Busy is not the same as progressing. A role that requires significant effort but does not develop your skills, expand your scope, or increase your market value is a high-effort, low-return investment of your time. The test: if you stayed in your current role for another 18 months with no changes, would your CV be materially stronger? If the honest answer is no, that is important information.

Question 3: Does My Manager Actually Invest in My Development?

Not in the HR-policy sense — in the practical sense. Does your manager have regular conversations with you about your career goals? Do they advocate for your compensation when review cycles come around? Do they give you stretch assignments, visibility with senior leadership, and honest feedback? Reeracoen’s Beyond the Paycheque 2026 study found that the quality of the manager relationship is the strongest single predictor of whether a professional stays or leaves within 12 months.
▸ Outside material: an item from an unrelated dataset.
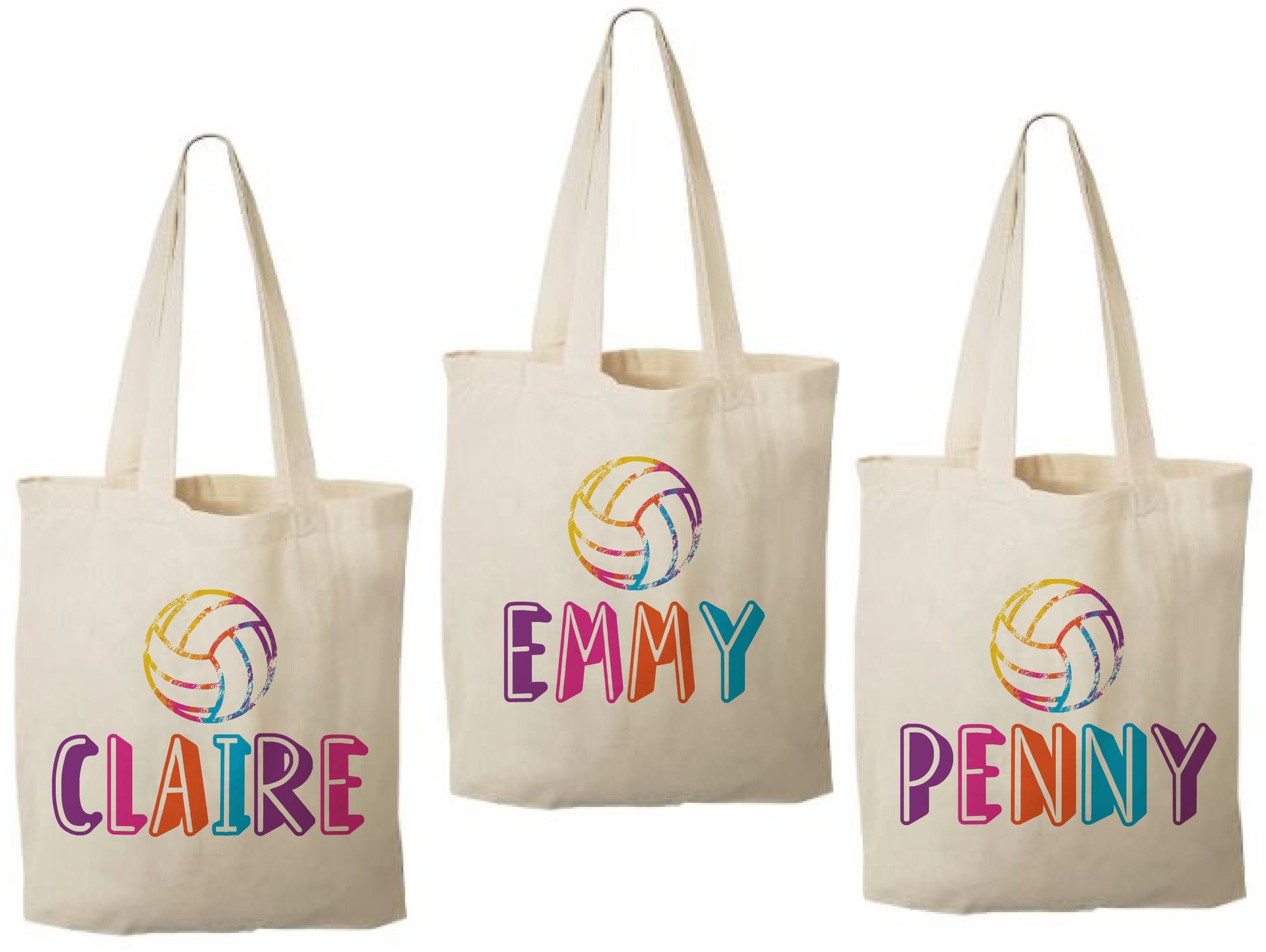 Personalized Volleyball Party Favor Bags, Custom Cotton Tote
Question 4: What Would It Take for Me to Feel Genuinely Engaged Here?

Not just less unhappy — genuinely engaged. What specific things would need to change? Be precise: a 20% salary increase, a defined promotion pathway with a timeline, the ability to work from home 3 days per week, a transfer to a different team or project. If you can answer this question specifically, you have the basis for a conversation with your employer. If you cannot — if the honest answer is ‘I don’t know what would make it work’ — that is also important information.

Question 5: What Is My One Concrete Career Action for Q2?
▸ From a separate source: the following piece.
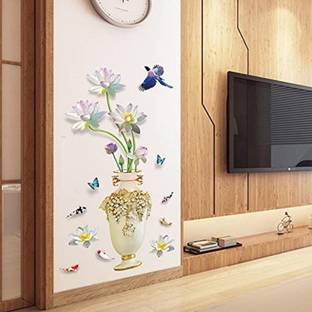 Indian Royals 110 cm Lotus 3D Vase Self Adhesive Decorative Wallsticker ( 60 CM X 90 CM ) Self Adhesive Sticker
Not a vague intention. A specific, time-bound action. It might be: having the salary conversation before 31 May. Or registering for the JLPT N2 exam in July. Or speaking to a Reeracoen consultant before 20 May to understand what the market is offering for your profile. Or completing the GRI certification by the end of June. One action. One deadline. Written down somewhere you will see it.

 

What to Do If the Answers Are Uncomfortable

If you answered these five questions honestly and felt unsettled, that is a useful signal. Not a crisis — just data. The most valuable thing you can do with that discomfort is not to suppress it or act on it impulsively, but to be specific about what it is telling you.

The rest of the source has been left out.